Difficilmente varcando la sacra soglia di un teatro ci si sentirà esclusi e, a meno che non si provi a entrare senza biglietto, difficilmente ci si ritroverà rifiutati.

Per tutte le persone che partecipano al sacro rito della messa in scena, la chiesa è sempre e solo una: il teatro, che come madre benedicente, accoglie tutti con amore.

I fedeli della rappresentazione dovrebbero avere un solo obbligo oltre alla puntualità: lasciarsi stupire e accompagnare per mano in un percorso molto complesso composto da carne e note, perfettamente miscelato in quell’equilibrio mistico che comprende lo spirito e la materia.

Questa liturgia richiama a sé numerose e diversissime religioni che si fondono in un unico grande mistero: la devozione totale per l’opera.
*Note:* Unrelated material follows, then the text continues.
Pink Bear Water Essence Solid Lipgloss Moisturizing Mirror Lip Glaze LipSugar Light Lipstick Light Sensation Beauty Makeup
Sembra apparentemente tutto così aulico ed elevato, un mondo ideale fatto di esseri superiori, quando proprio nel bel mezzo della poesia arrivano i callassiani (appassionati di Maria Callas) versus tebaldiani (appassionati di Renata Tebaldi) a guastare la pace terrena.

I credenti dell’opera non pongono limiti al credo personale, cristiani, musulmani, agnostici e persino eretici sono i benvenuti ma raramente tollereranno i tifosi della squadra avversaria, è come essere al derby.